Just in front of the safety is the laser bump.

Nice little 13-shot compact 9mm.


----------



## Slim (28 Oct 2004)

Don't think I've ever seen one that short before...Neat.

How is it for accuracy?

Slim


----------



## Fishbone Jones (28 Oct 2004)

Very nice! I've always been, and still am, an admirer of the HP. Tried and true design, simple, uncomplicated, easy to train to, large capacity, favourable round. The list goes on. The biggest argument against it is always that it's not double action. In my mind and how we, in the military, employ it, this isn't an issue. It can be carried with one in the chamber and brought to full cock on the draw. Besides, I've found it takes a fair bit of training for anyone to connect, in a panic situation, with the manufacturers double action trigger pull on the first round on double action autos. The trigger pull is normally long and creepy. The HP we have just needs to have the slide squeezed a bit and the rails and trigger group polished to make it target accurate and in contention.


----------



## Slim (28 Oct 2004)

There are a number of HP models that are double-action on the market. And they are every bit as robust as what we have now.

I would not object to seeing the BHP Double-action as the next service pistol.

Slim


----------



## Fishbone Jones (28 Oct 2004)

Not denying that. Just comfortable with what I know ;D


----------



## pappy (28 Oct 2004)

There is some rumors they will start importing these again, well if Bush is reelected.   I believe these where used by Argintine army officers and Police hence the name "Detective"   These came into the US for short time and where drit cheap, less then $200 new in the box with 2 clips.   But at the time everyone was in love with all the new double actions and ployimer glocks so sells sucked and well Cliton happened, so imports went bye bye.
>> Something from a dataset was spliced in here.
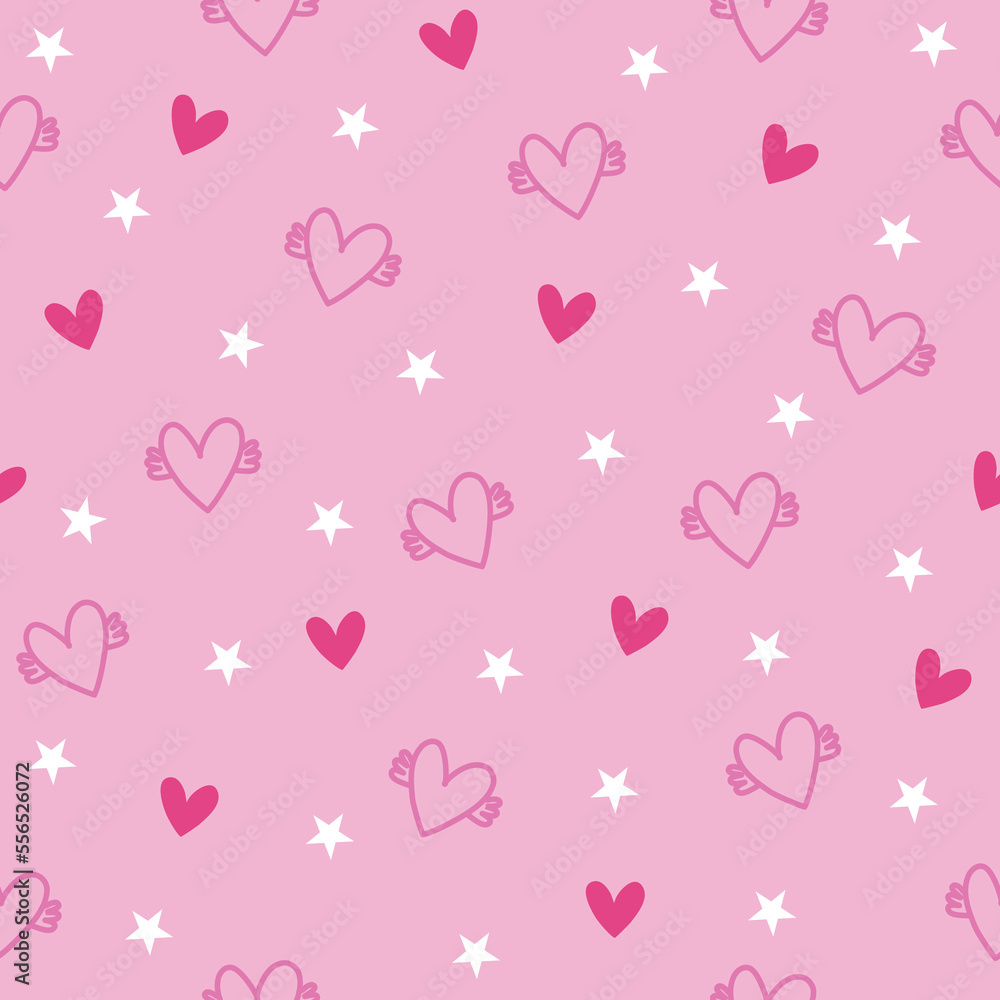Hearts seamless pattern.Love. Valentine's Day background. Repeat pattern for textiles, interior design, wallpaper, background, surface, fabric, print, cover, banner and invitation, Vector illustration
as far as accuracy I've seen no difference between my full size BHP.   At 7 yards at the range it will empty 13 rds into about 2". ALthough it might do better with someone that shoots well.


----------



## Slim (28 Oct 2004)

The CF also has some of the "hottest" 9mm around right now as we use submachinegun ammo rather than pistol ammo. The BHP can also stand up to the higher barrel pressures very well.

Slim


----------



## Fishbone Jones (28 Oct 2004)

Never seen it chronographed, but ever since I was a shaver, I was told it was loaded, and hit, to around the same specs as a .357 magnum. Can anyone confirm?


----------



## pappy (28 Oct 2004)

I agree, I'm not sure why people like double actions so much.   They do take a lot more practice to get the first round on target.
Maybe their popularity is due to the police, they where so used to double action revolvers for so long that once they where allowed to switch to semi-autos double action was just a carry over.

I own one DA semi-auto, a Walther P99, not bad for a DA trigger, almost a triple action type trigger, you can load it, decock it with the slide mounted decocker, then rack the slide back about 1/8" and it stays just as safe as decocked DA mode, but only about 1/4" or less movement of the trigger returns it to single action pull mode. It can be decocked and left in standard DA mode as well, with the longer heavier DA pull.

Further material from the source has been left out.